Porque al final, no nos queda de otra. En razón de nuestra impermanencia, de nuestra temporal existencia, la muerte un día tocará a nuestra puerta. No existe duda alguna.

Debemos de aprender a mirarla directamente a los ojos. Como diría el General Maximus Decimus Meridius en la película “Gladiador”:

“La muerte nos sonríe a todos en algún momento. Lo único que te queda por hacer, es devolverle la sonrisa”.

Mozart comentó en alguna ocasión: “La muerte es mi mejor amiga, mi más grande consejera”.

Tenerla presente en las decisiones más trascendentes de la vida, le da al SER una visión pasmosamente lúcida y una sensación profundamente clara y serena.

Toda persona llega a tener frente a sí misma decisiones importantes y difíciles que tomar, en algún momento de su existencia.

Si invitamos a la muerte a sentarse a nuestro lado, y nos imaginamos a nosotros mismos en nuestro lecho final, observando como una película nuestra propia vida, ella, la suprema consejera, te va a susurrar, sin duda alguna, qué decisión tomar.

Te va a crear una sensación en tu cuerpo de malestar o bienestar, dependiendo cuál sea la decisión correcta o equivocada.

Hay que aprender a escuchar no solo a la mente. También al alma. Y ésta te habla a través de las sensaciones.

Para que, al momento de nuestra transmutación, la decisión tomada, proporcione tranquilidad y nos otorgue una sensación de PAZ.

La ciencia ha demostrado que somos energía.

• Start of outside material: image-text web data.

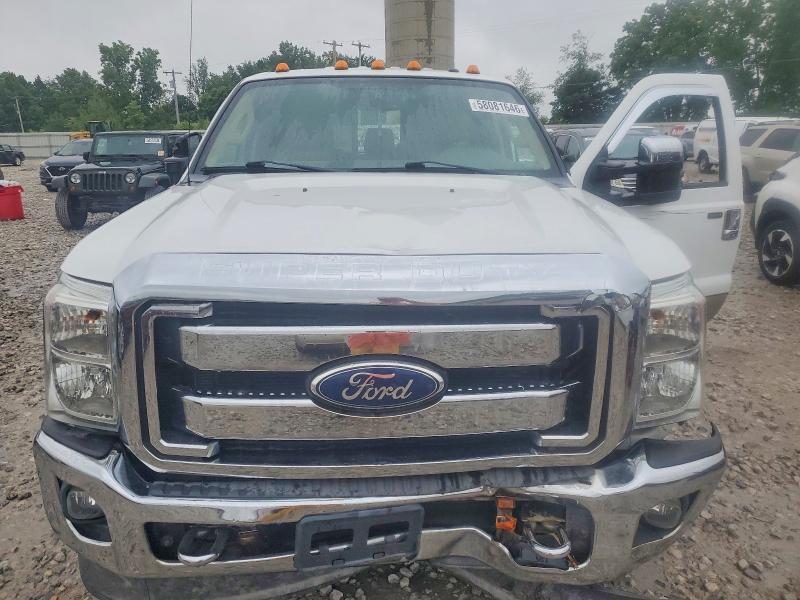 Aukcja sprzedaży 2012 Ford F250, vin: 1FT7W2BT5CEA39318, numer aukcji: 58081646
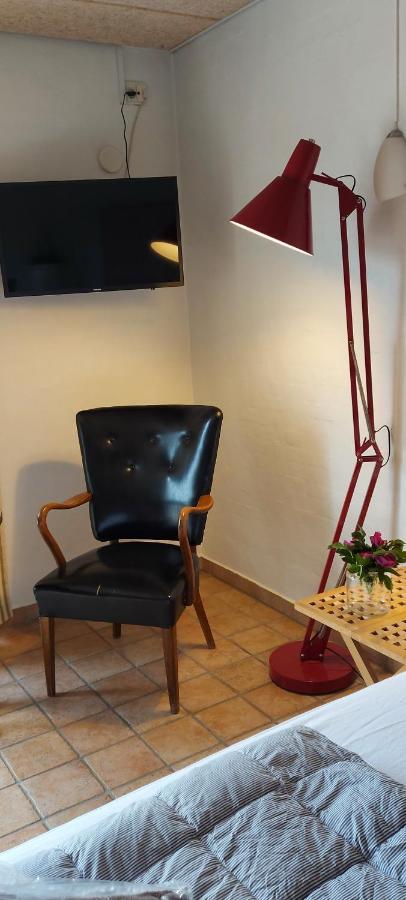 Klitgaarden Aparthotel Hjorring Luaran gambar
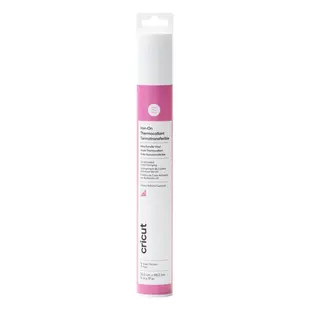 Color-Changing Iron-On UV-Activated Pastel Pink (1 sheet)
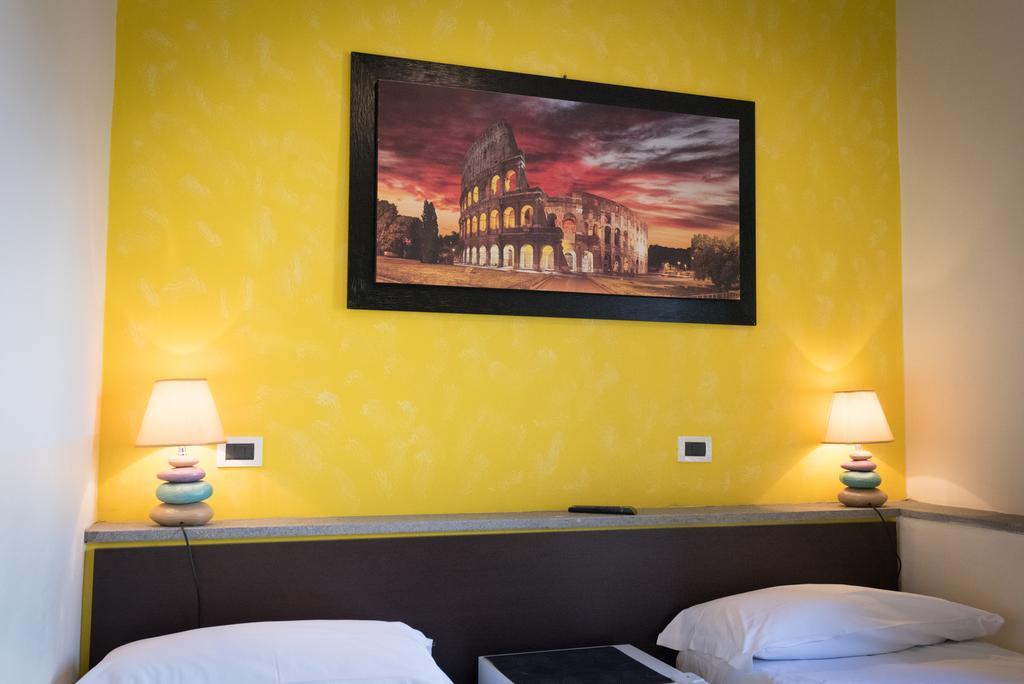 Quo Vadis Guest house 3*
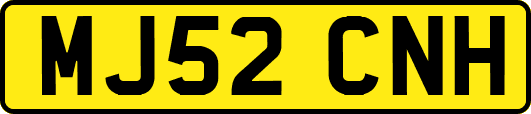 MJ52CNH
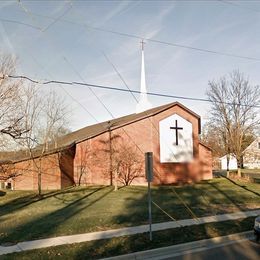 CrossWalk Church, Reynoldsburg, Ohio, United States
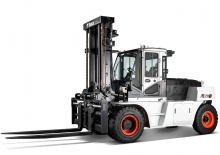 Diesel Forklifts Bobcat D140S-7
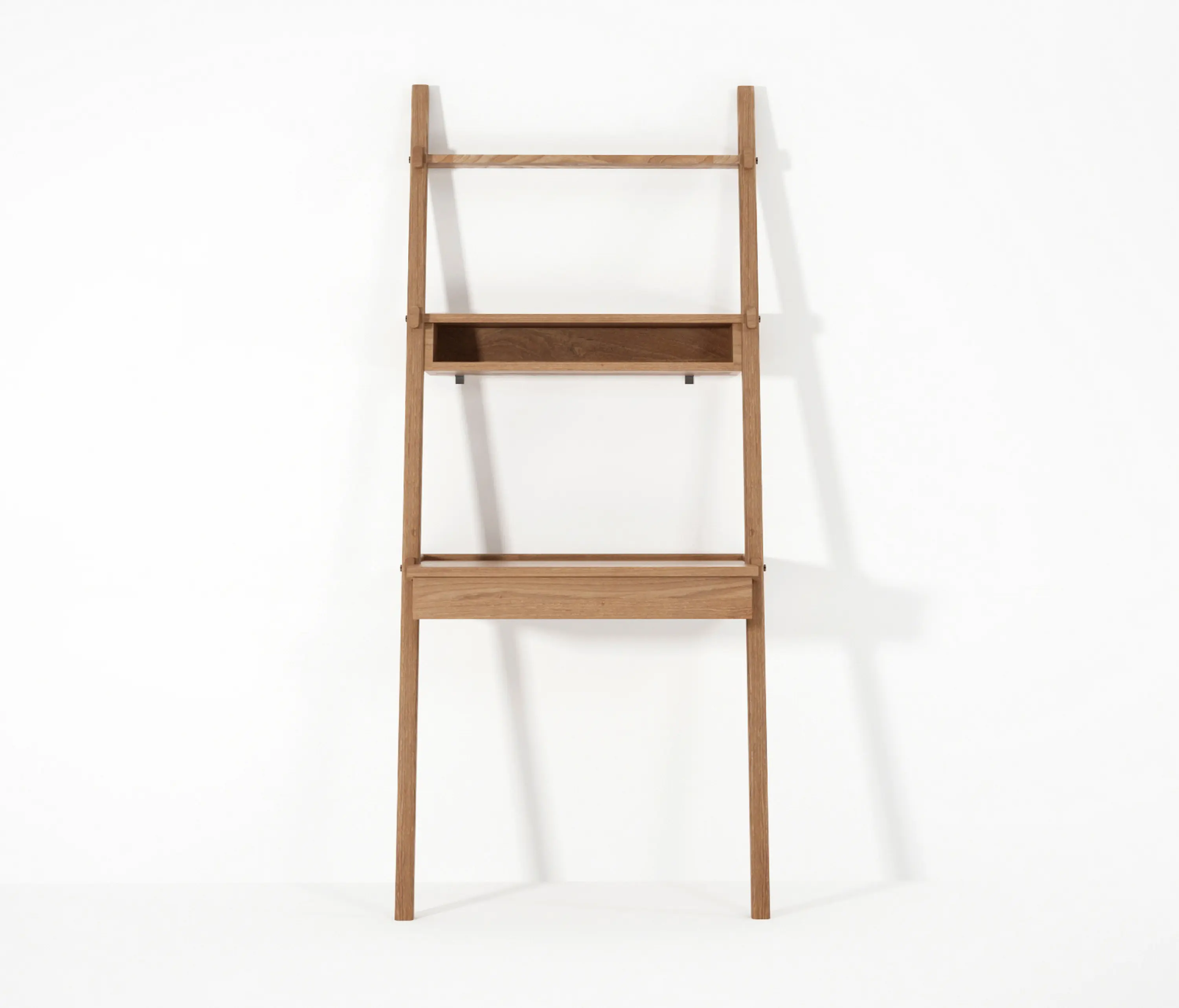 Karpenter - Simply City LADDER with DRAWER DESK & NICHE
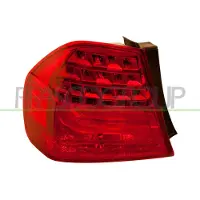 PRASCO BM0264154 Achterlicht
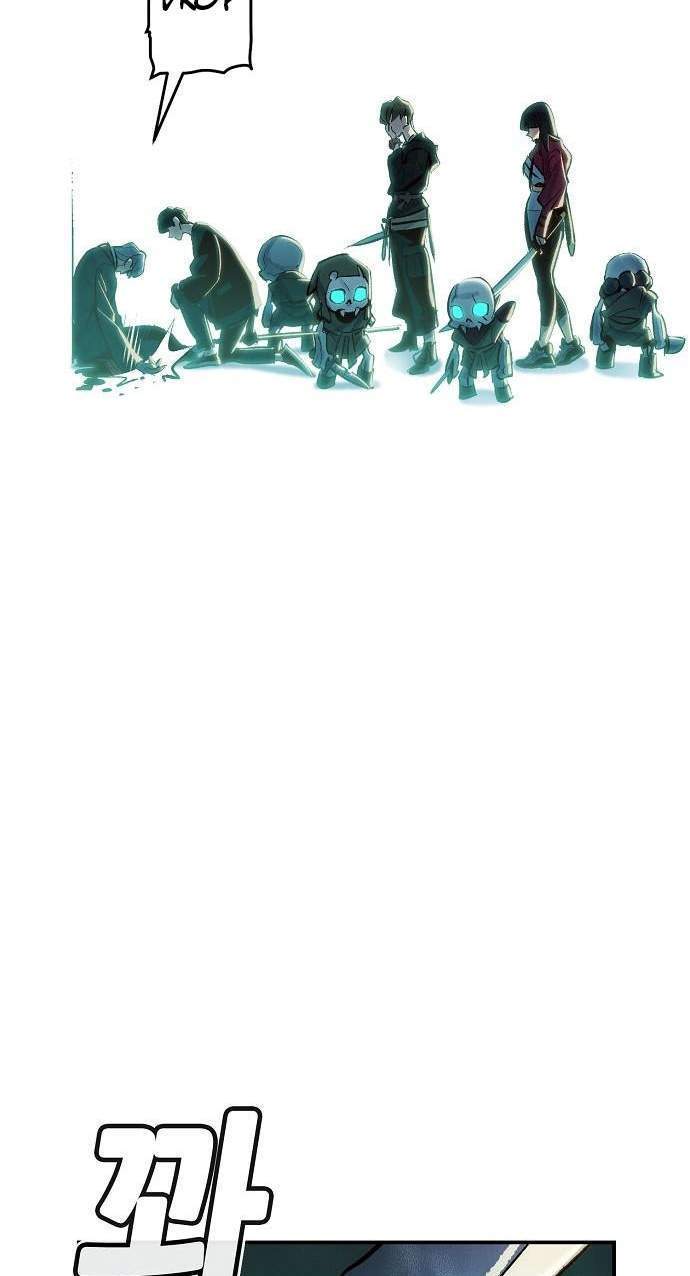 Alone Necromancer Chapter 4 - Halaman 91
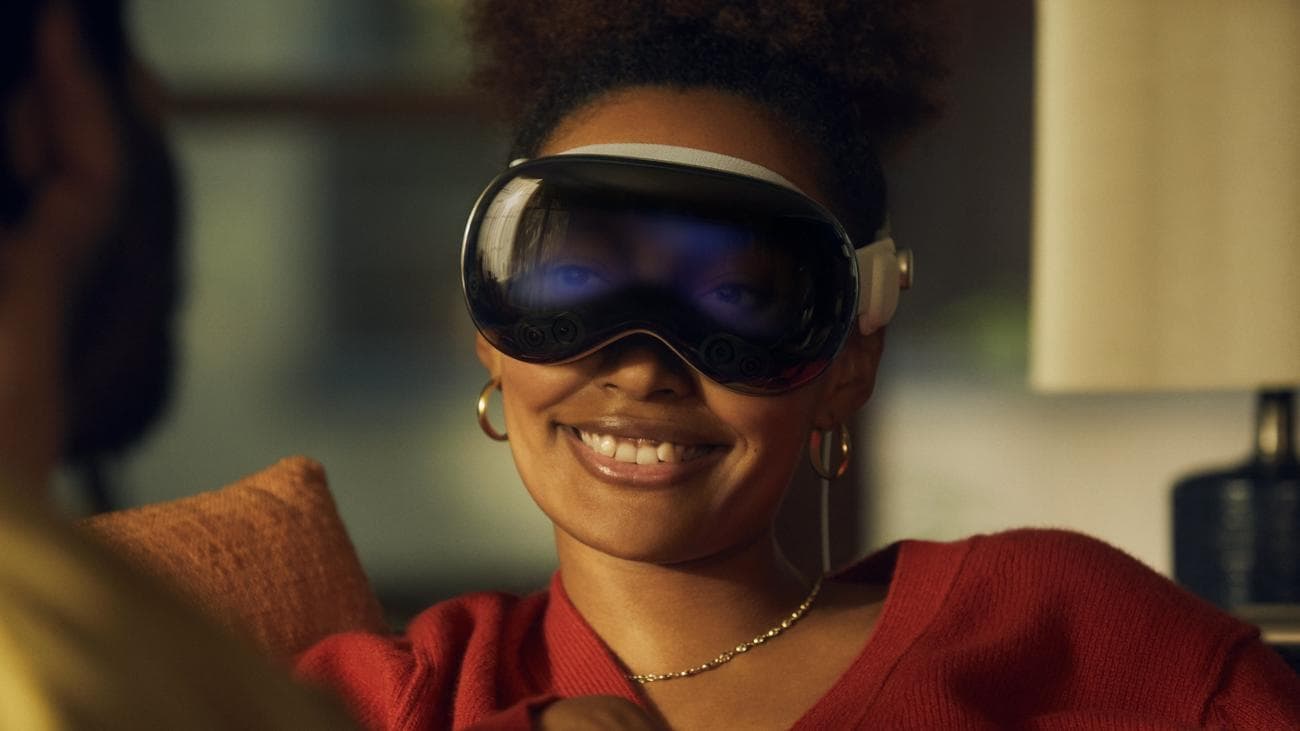 Τι χρειάζομαι από την Apple για να με πείσει να αγοράσω το Vision Pro, Τι χρειάζομαι από την Apple για να με πείσει να αγοράσω το Vision Pro, TechWar.GR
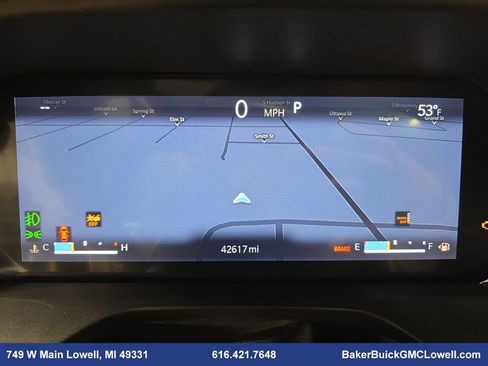 Used 2022 Jeep Grand Cherokee L Summit w/ Advanced Protech Group IV image 29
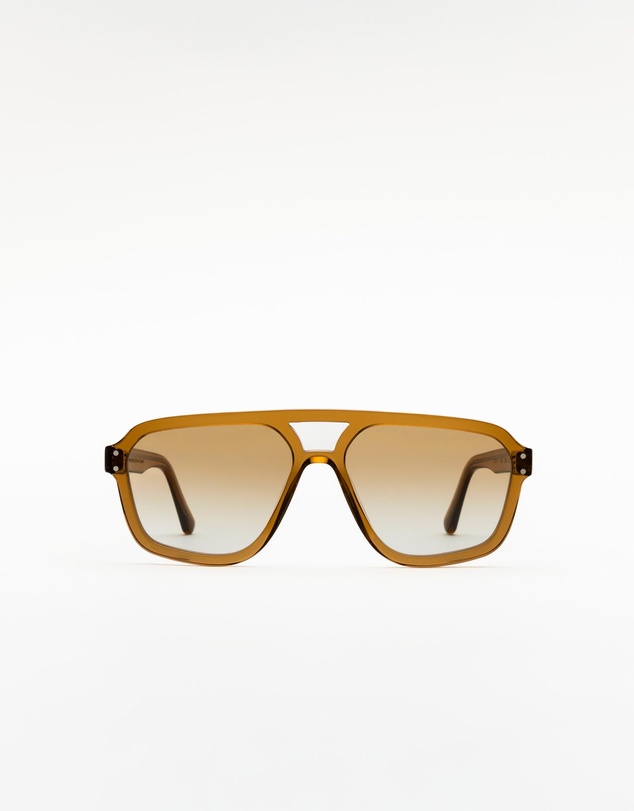 Monokel Eyewear - Jet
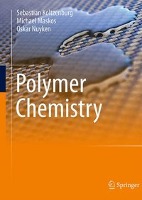 9783662492772 Polymer Chemistry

Albert Einstein, lo expresó con su famosa frase: “la energía no se crea ni se destruye, solamente se transforma”.

Elizabeth Kübler-Ross ha sido otra científica, que ha escrito sobre la muerte. En su magnífico libro “La muerte, un amanecer” leí esta hermosa y sugerente frase: “Antes nos enseñaban que había que creer que había algo más allá de la muerte. Hoy, no es de creer. Es de saber.”

Nuestra muerte, es una transformación. Una transmutación con la que partiremos a otros planos para seguir aprendiendo. Seremos nosotros mismos, nuestros propios jueces, ante la inmensa claridad, iluminación y diafanidad de nuestra propia conciencia.

El camino puede ser muy largo o corto. Depende que tanto entendamos que nuestro paso efímero en esta nave planetaria llamada Tierra es para aprender y experimentar en el amor.

La ausencia del amor nos conduce al temor, padre de todos los males. La conciencia trabajada nos lleva al camino del Despertar. El alma escucha y la puerta que se abre entonces, es la de la energía del amor….

Y para lograrlo, deberíamos, necesariamente, buscar asesoría e inspiración en nuestra suprema consejera.

 

Durante mis estudios en Francia, en mi búsqueda personal, se me apareció, “El Libro Tibetano de la Vida y de la Muerte” de Sogyal Rinpoché. Extraordinaria lectura que me marcó para siempre. Y a quien le debo muchas de la reflexiones de este artículo.